Independent Component Analysis

Following the PyModulon workflow, we implemented ICA using the optICA extension of the popular algorithm FastICA. The optICA script used can be found at and produces two matrices. One matrix (the M matrix) contains the robust independent components (McConn et al., 2021), and the other (the A matrix) contains the corresponding activities. The product of the M and A matrices approximates the expression matrix (the X matrix), which is the curated RNA-seq compendium. Each independent component in the M matrix is filtered to find the genes with the largest absolute weightings, which ultimately generates iModulon gene sets.

Implementing this process resulted in 45 iModulons for the S. acidocaldarius Modulome that explained 72% of the expression variance in the compendium (Figure 1D).
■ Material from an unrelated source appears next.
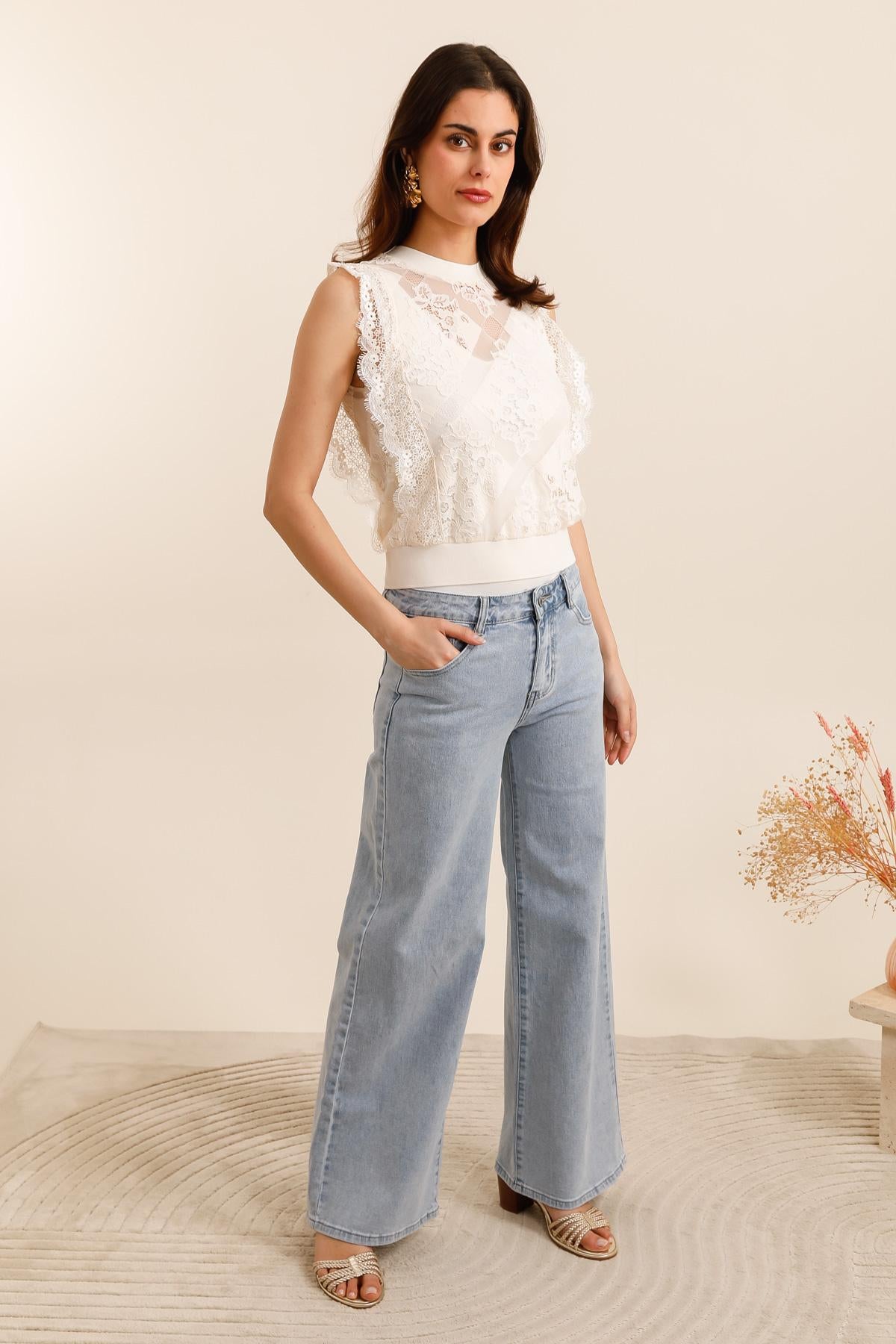 Top Clara en dentelle semi-transparente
Although the fraction of variance explained by 45 iModulons is much lower than the fraction of variance explained by 45 principal components of the X matrix, explained variance has additional meaning in ICA compared to PCA. Principal components are a mathematical representation of the compendium and often lack biological interpretation. However, independent components (and the iModulons which derive from them) can be directly linked to transcriptional regulation (via characterization), revealing interpretable, and biologically relevant sources of expression variation in the compendium.

iModulon Characterization

To facilitate iModulon characterization, we utilized the PyModulon Python package (Sastry et al., 2021b). As S. acidocaldarius has a poorly documented TRN, k-means clustering (with k = 3) was utilized to identify component-specific thresholds. This technique clustered genes into 3 groups based on the magnitude of each gene’s weighting. The cluster with the lowest average weighting was filtered out, and its bounds used as the cutoff in determining which genes were part of an iModulon. Each iModulon was then compared to the draft TRN table to find iModulons with significant overlap with known regulons. Next, KEGG and GO annotations were utilized to identify iModulons with significant overlap with known metabolic pathways. The remaining iModulons were functionally mapped by analyzing their activities and literature review. The scripts showing these characterizations can be found at:,, and

Generating iModulonDB Dashboards

iModulonDB dashboards were generated using the PyModulon package (Rychel et al., 2021; Sastry et al., 2021b); the pipeline for doing so can be found at


Independent Component Analysis Reveals the Structure of the Sulfolobus acidocaldarius Transcriptome

To prepare the data compendium, we first compiled all publicly available RNA-seq data from the NCBI Sequence Read Archive (Kodama et al., 2012). After processing the data and filtering through a quality control pipeline (see section “Materials and Methods,” Figure 1A), the final high-quality compendium consisted of 95 RNA-seq experiments, ranging a diverse set of conditions (see section “Methods,” in Supplementary File 1), including starvation (time-course), acid stress, and UV irradiation (time-course). Application of ICA to this compendium resulted in 45 robust iModulons, each of which constitutes a statistically independent signal of gene expression. Although these 45 iModulons (Figure 1D) only contain 755 genes (32% of the 2351 genes found on the genome), the iModulons can explain 72% of the observed variance in gene expression; genes which were not captured in any iModulons did not vary much in expression. Gene distribution in these iModulons follows a power law, with a few iModulons containing a large number of genes, while most contain fewer than 20 genes (Supplementary Figure 1).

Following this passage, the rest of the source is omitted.